═════ Recorded data

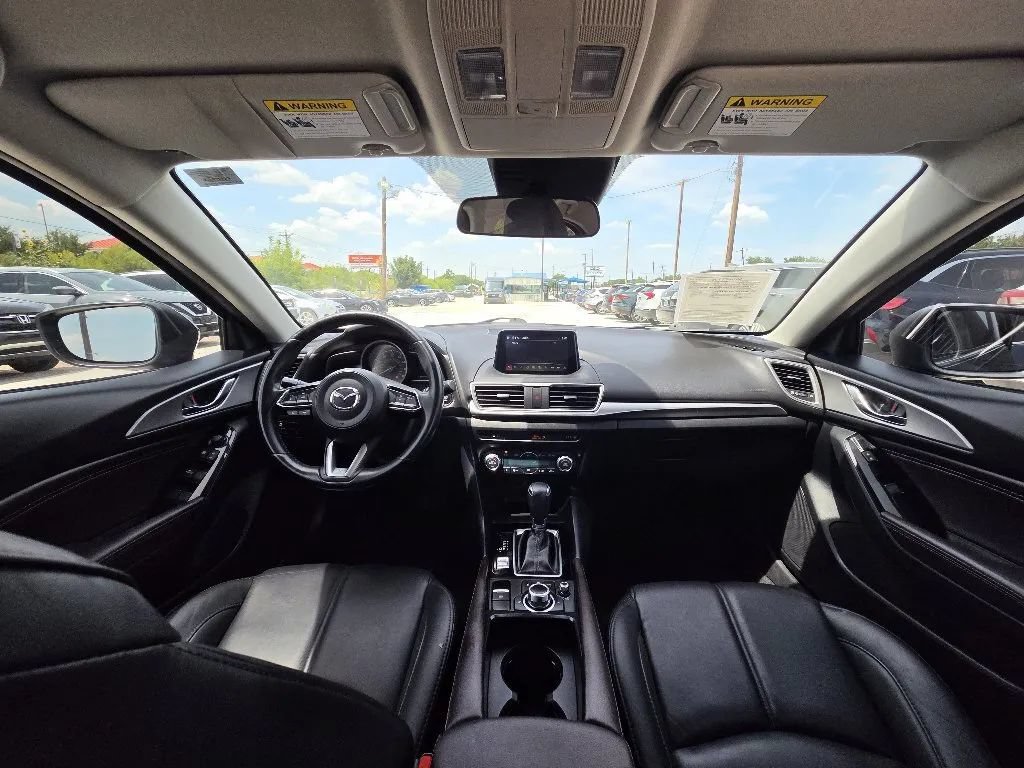Used 2018 MAZDA MAZDA3 Touring FWD image 25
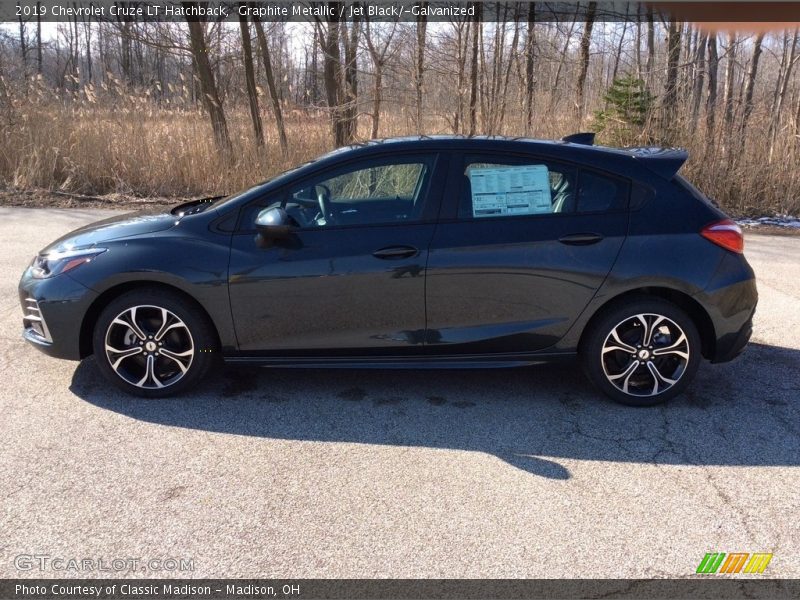 Graphite Metallic / Jet Black/­Galvanized 2019 Chevrolet Cruze LT Hatchback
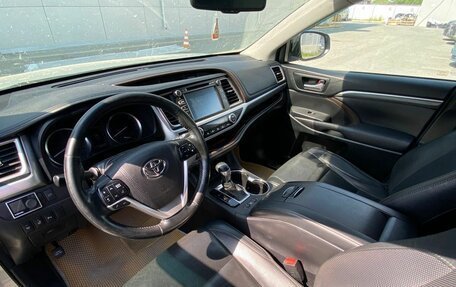 Toyota Highlander III, 2017 год, 3 590 000 рублей, 5 фотография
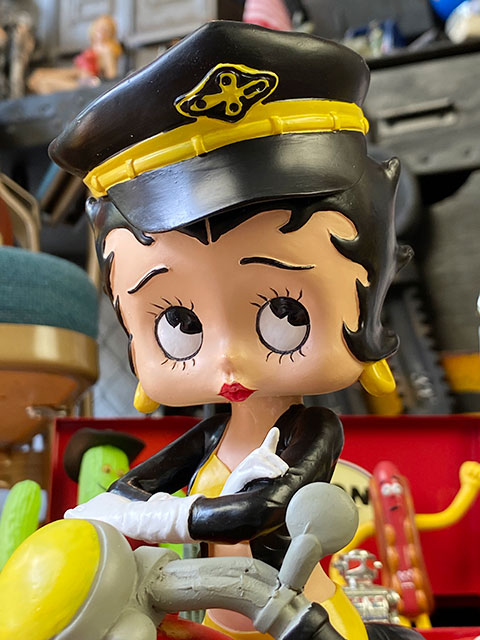 ベティ ブープのレジンスタチュー バイカーベティ Geo2 Co Uk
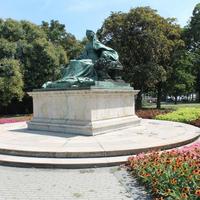 Statue of Queen Elizabeth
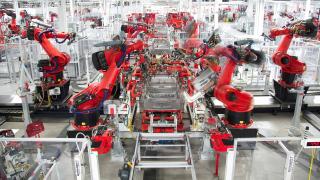 Producția lui Tesla Model 3 este suspendată pentru 2 săptămâni; Criza globală de semiconductori continuă, afectând Dacia și Ford România
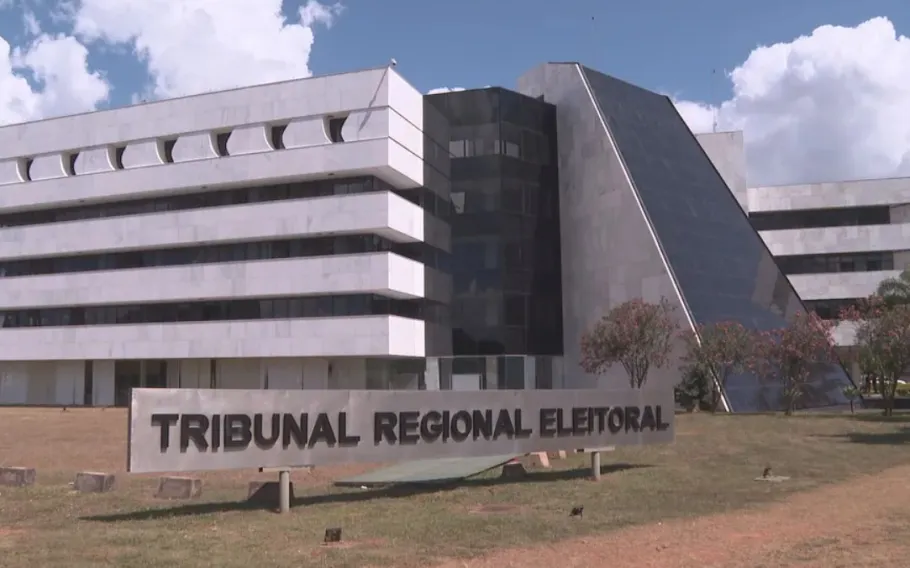 O TRE-DF administra a voz brasileira no exterior com rigor e eficiência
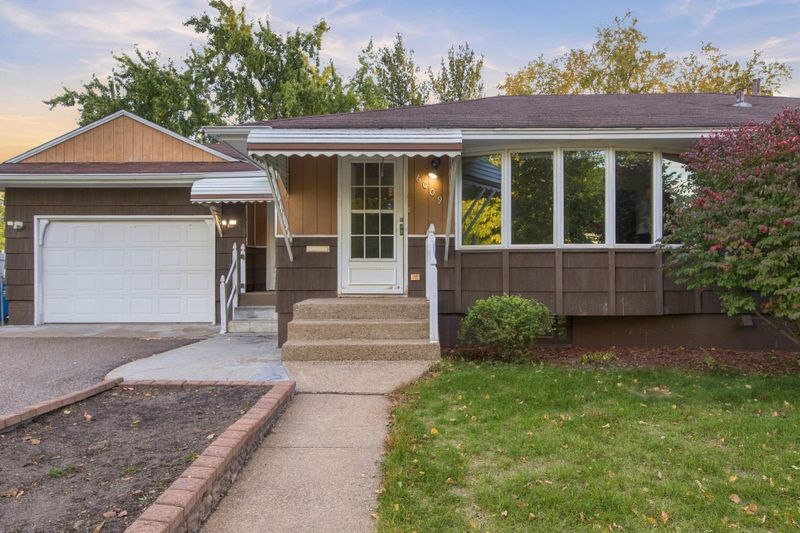 6009 2nd St NE, Fridley, MN 55432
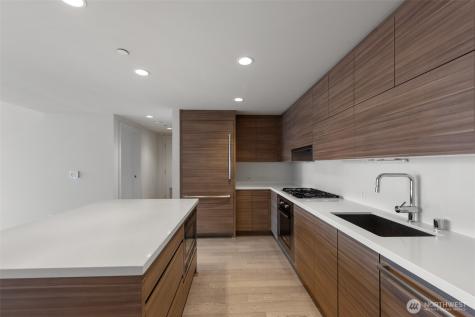 588 Bell Street Seattle WA 98121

══════════

Give back the data exactly. Skip any images.

Used 2018 MAZDA MAZDA3 Touring FWD image 25
 Graphite Metallic / Jet Black/­Galvanized 2019 Chevrolet Cruze LT Hatchback
 Toyota Highlander III, 2017 год, 3 590 000 рублей, 5 фотография
 ベティ ブープのレジンスタチュー バイカーベティ Geo2 Co Uk
 Statue of Queen Elizabeth
 Producția lui Tesla Model 3 este suspendată pentru 2 săptămâni; Criza globală de semiconductori continuă, afectând Dacia și Ford România
 O TRE-DF administra a voz brasileira no exterior com rigor e eficiência
 6009 2nd St NE, Fridley, MN 55432
 588 Bell Street Seattle WA 98121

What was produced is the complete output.